The Arabs needed reinforcing their own natural way of speech with a discipline of conscious effort; they were also eager, in keeping with the true spirit of Islam, to pass on to the myriads of non-Arabs, who daily swelled the ranks of the faithful, not only the religion and the practices of Islam but also the language as a key to a first-hand knowledge of its primary source or sources.[^2] Actually, however, only a few of the Arabs concerned themselves with those branches of studies which involved the use of the method of qiyas , i.e.
analogy and deduction.[^3] Such creative intellectual activity was notably flair of the non-Arab inhabitants of Iraq, which province occupied a unique position in the incipient literary life of Islam.
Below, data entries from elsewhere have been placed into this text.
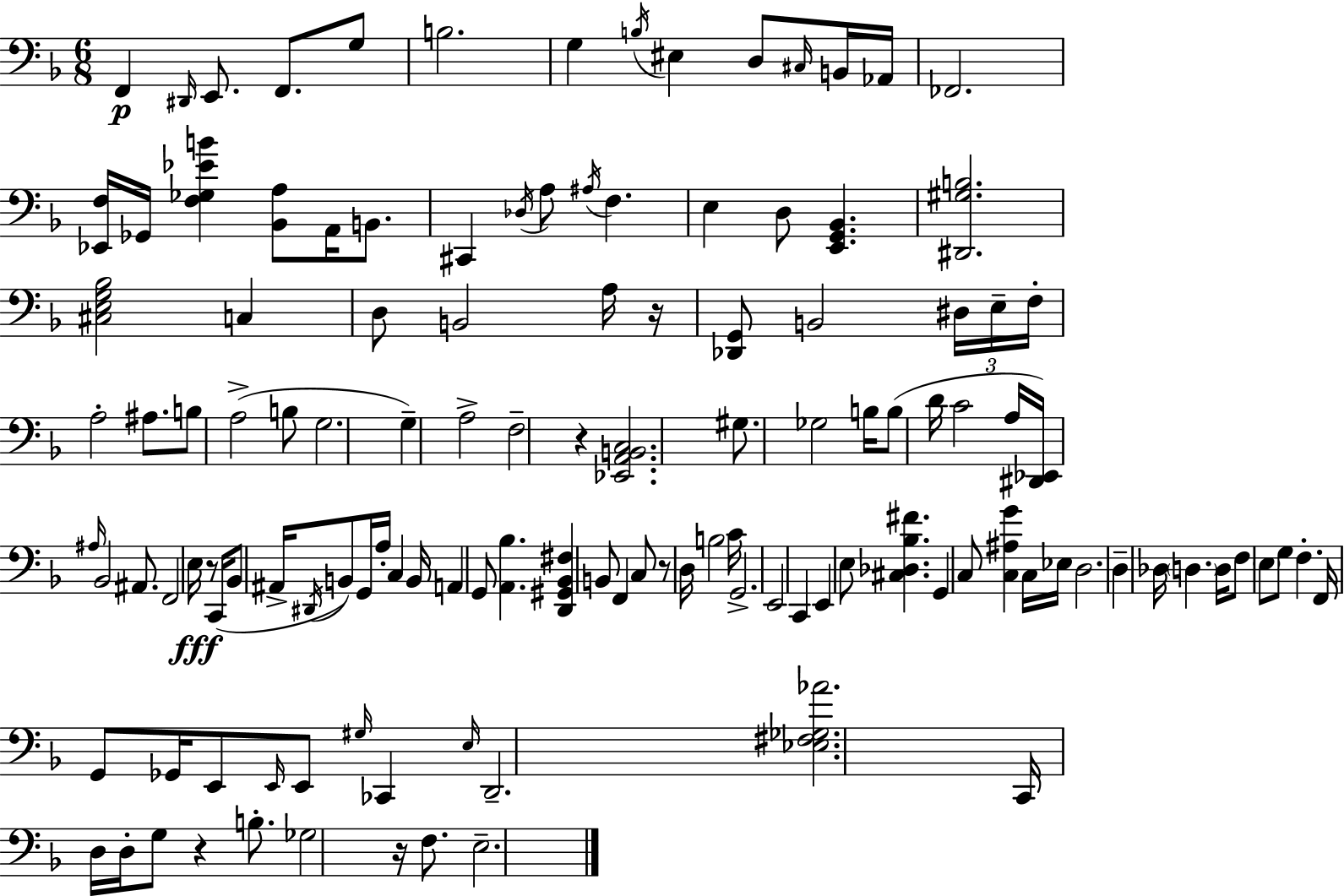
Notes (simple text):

F2/q D#2/s E2/e. F2/e. G3/e B3/h. G3/q B3/s EIS3/q D3/e C#3/s B2/s Ab2/s FES2/h. [Eb2,F3]/s Gb2/s [F3,Gb3,Eb4,B4]/q [Bb2,A3]/e A2/s B2/e. C#2/q Db3/s A3/e A#3/s F3/q. E3/q D3/e [E2,G2,Bb2]/q. [D#2,G#3,B3]/h. [C#3,E3,G3,Bb3]/h C3/q D3/e B2/h A3/s R/s [Db2,G2]/e B2/h D#3/s E3/s F3/s A3/h A#3/e. B3/e A3/h B3/e G3/h. G3/q A3/h F3/h R/q [Eb2,A2,B2,C3]/h. G#3/e. Gb3/h B3/s B3/e D4/s C4/h A3/s [D#2,Eb2]/s A#3/s Bb2/h A#2/e. F2/h E3/s R/e C2/s Bb2/e A#2/s D#2/s B2/e G2/s A3/s C3/q B2/s A2/q G2/e [A2,Bb3]/q. [D2,G#2,Bb2,F#3]/q B2/e F2/q C3/e R/e D3/s B3/h C4/s G2/h. E2/h C2/q E2/q E3/e [C#3,Db3,Bb3,F#4]/q. G2/q C3/e [C3,A#3,G4]/q C3/s Eb3/s D3/h. D3/q Db3/s D3/q. D3/s F3/e E3/e G3/e F3/q. F2/s G2/e Gb2/s E2/e E2/s E2/e G#3/s CES2/q E3/s D2/h. [Eb3,F#3,Gb3,Ab4]/h. C2/s D3/s D3/s G3/e R/q B3/e. Gb3/h R/s F3/e. E3/h.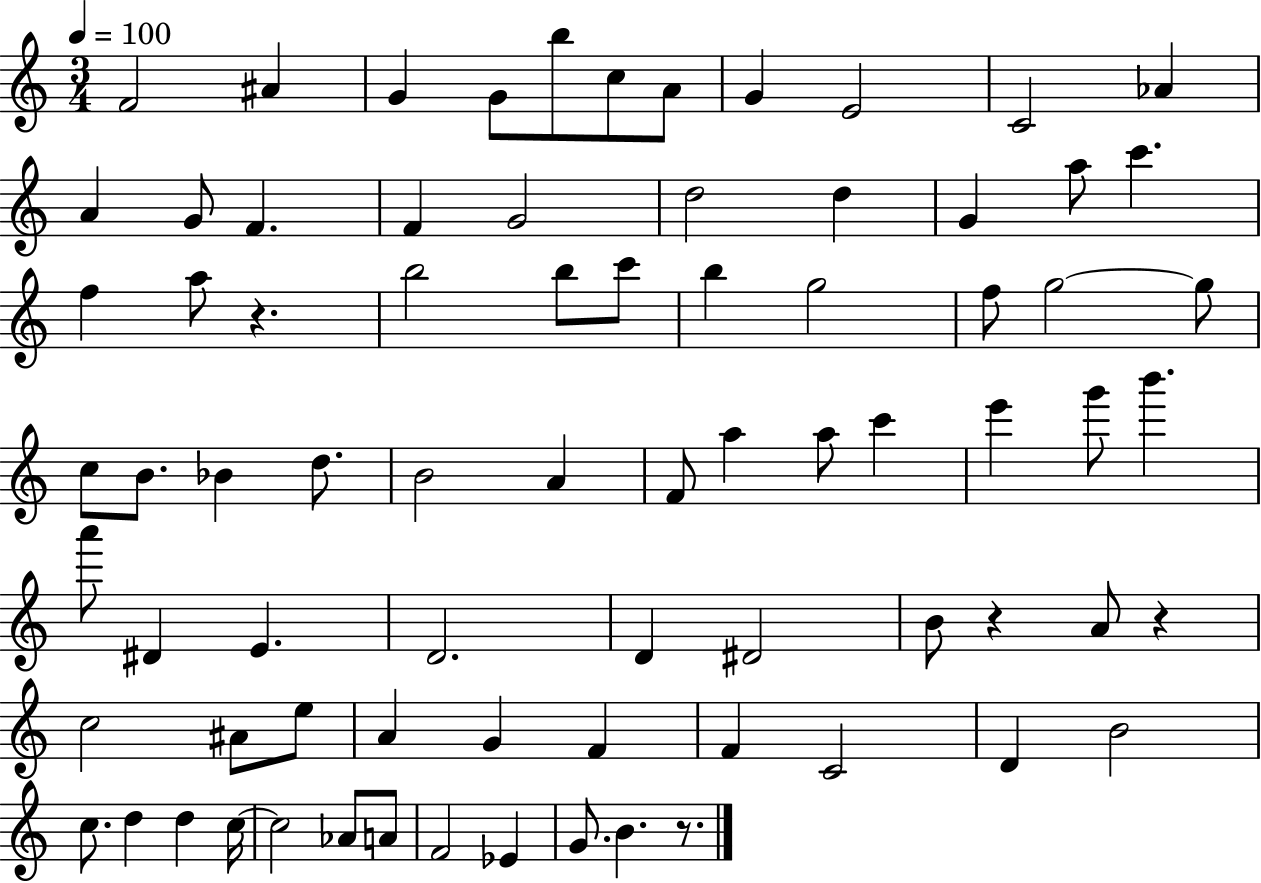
X:1
T:Untitled
M:3/4
L:1/4
K:C
F2 ^A G G/2 b/2 c/2 A/2 G E2 C2 _A A G/2 F F G2 d2 d G a/2 c' f a/2 z b2 b/2 c'/2 b g2 f/2 g2 g/2 c/2 B/2 _B d/2 B2 A F/2 a a/2 c' e' g'/2 b' a'/2 ^D E D2 D ^D2 B/2 z A/2 z c2 ^A/2 e/2 A G F F C2 D B2 c/2 d d c/4 c2 _A/2 A/2 F2 _E G/2 B z/2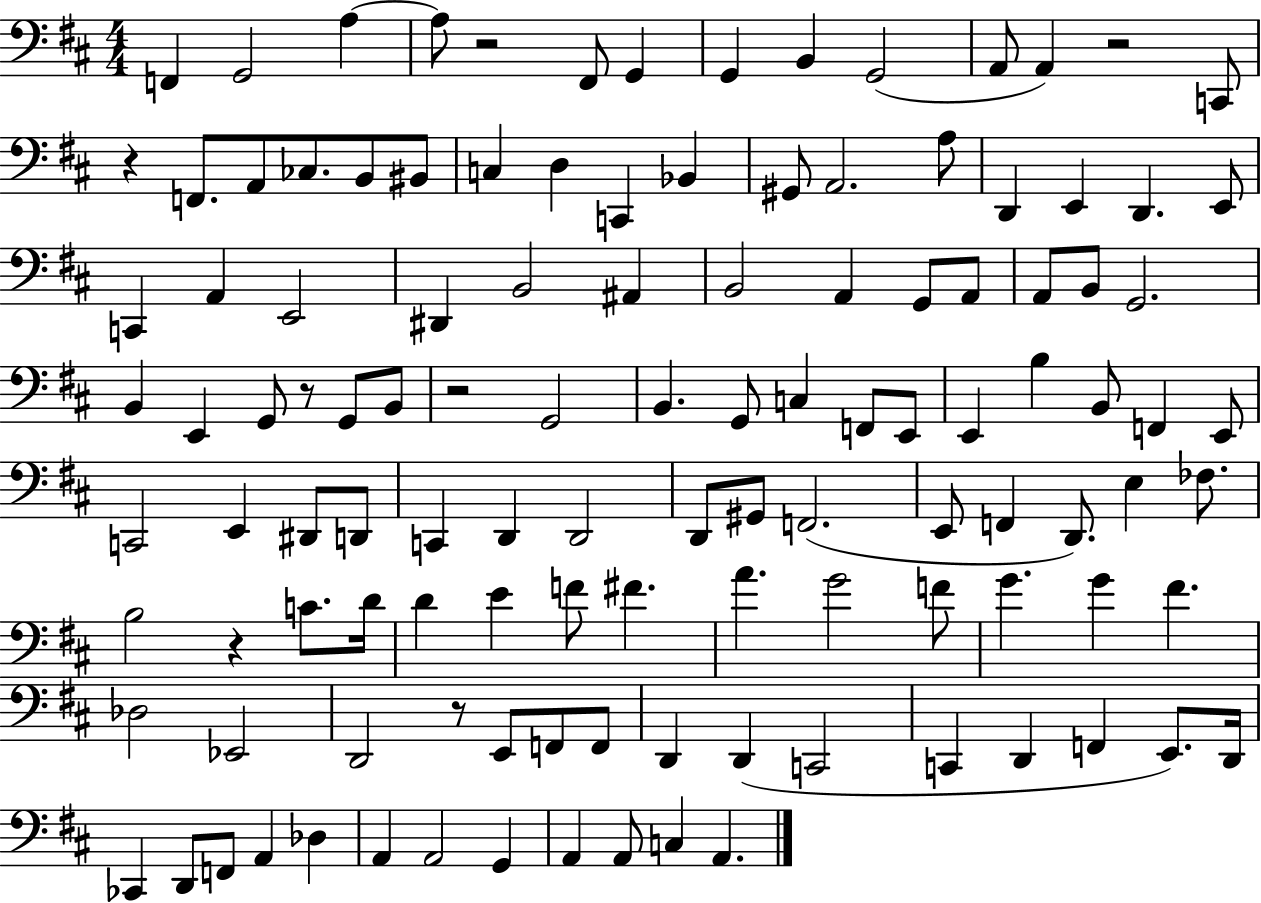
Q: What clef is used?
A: bass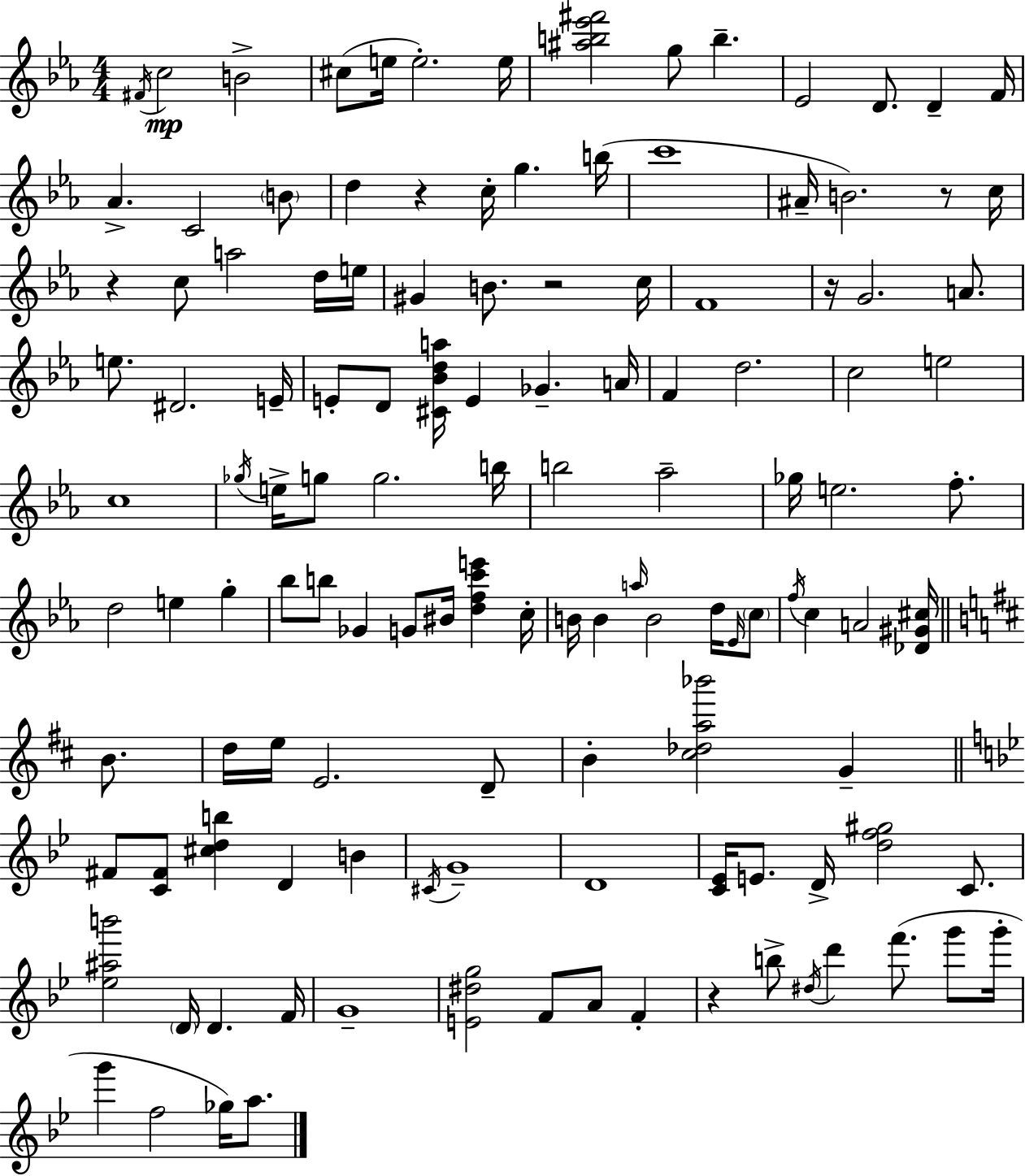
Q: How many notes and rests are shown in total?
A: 126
It is worthwhile recalling that the province had been the cradle of ancient civilizations and the nursery of cultural currents from the Hellenes, including those relayed from the important academy of Jundi-Shapur; hence, the mental attitudes of its inhabitants bore the stamp of philosophical scientific discipline.
Still more remarkable was the spirit motivating the political relationship of these “intellectuals” with their proud and unlettered masters, the Arabs, and their peculiar religious and cultural propensities towards Islam and the Arabic language. In contrast with Syria and Egypt, it will be seen that the ‘Ajmis of Iraq were from the very beginning determined to assert their own individuality, albeit only within the pale of Islam and on the ground of Arabs’ own devotion to the Arabic language.
Even the Sh‘ubiyyah movement, the outburst of an outraged sense of superiority of the Persians over the Arabs, involved no resilience from loyalty to the language of the Qur’an. It was a clear parallel to early Shi‘ism, which was calculated to work out the political ascendancy of the Persians but only under the supreme and authoritarian over-lordship of the House of the Arabian Prophet.
Basrah and Kufa, the two cantonments of the Arabs, provided ideal conditions for fruitful contact between the Arabs and the non-Arabs.